### How to complete this task
Could you print the stretch of lines below from the one with "Used 2020 Ford Explorer Limited image 3" through the one with "Cargar imagen en", exactly as they stand and without any pictures?

### Data
——
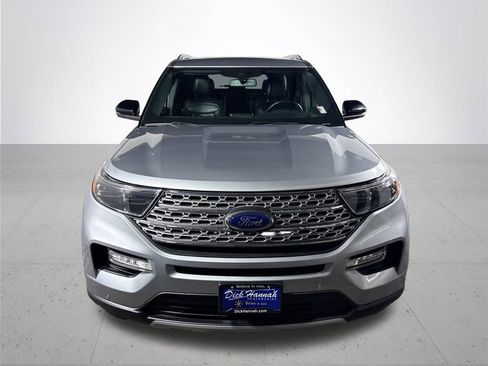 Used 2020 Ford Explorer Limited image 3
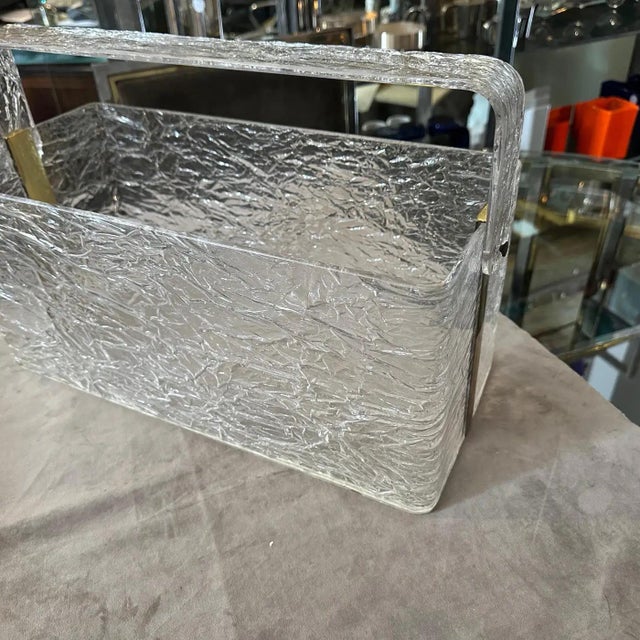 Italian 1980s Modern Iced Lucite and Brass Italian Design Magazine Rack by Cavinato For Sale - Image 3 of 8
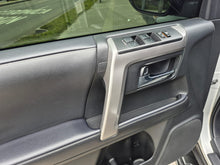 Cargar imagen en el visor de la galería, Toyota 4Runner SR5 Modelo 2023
——
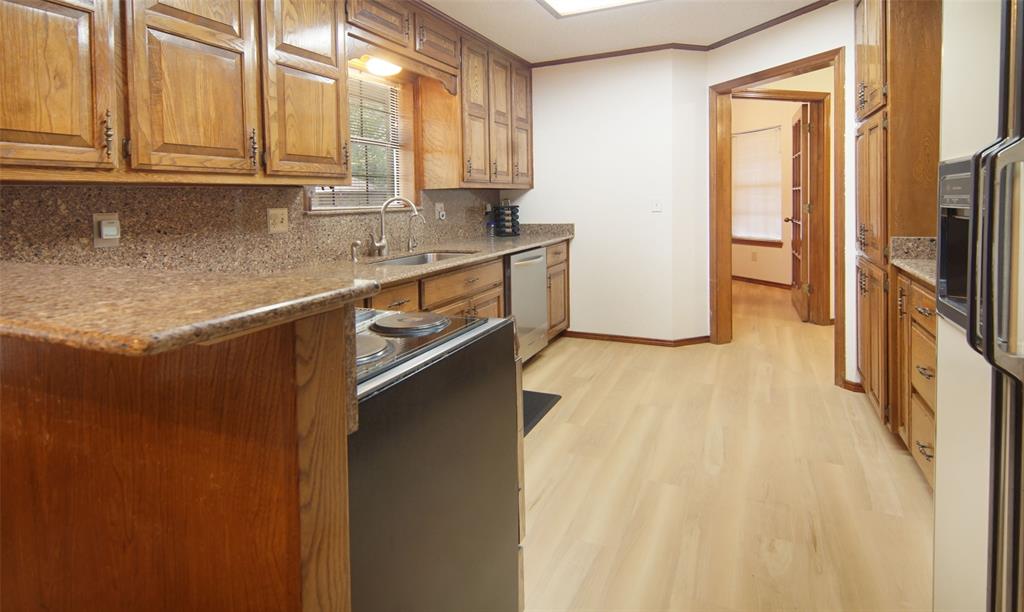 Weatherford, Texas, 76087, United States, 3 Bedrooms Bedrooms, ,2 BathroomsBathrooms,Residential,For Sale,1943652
——
### Your solution
 Used 2020 Ford Explorer Limited image 3
 Italian 1980s Modern Iced Lucite and Brass Italian Design Magazine Rack by Cavinato For Sale - Image 3 of 8
 Cargar imagen en el visor de la galería, Toyota 4Runner SR5 Modelo 2023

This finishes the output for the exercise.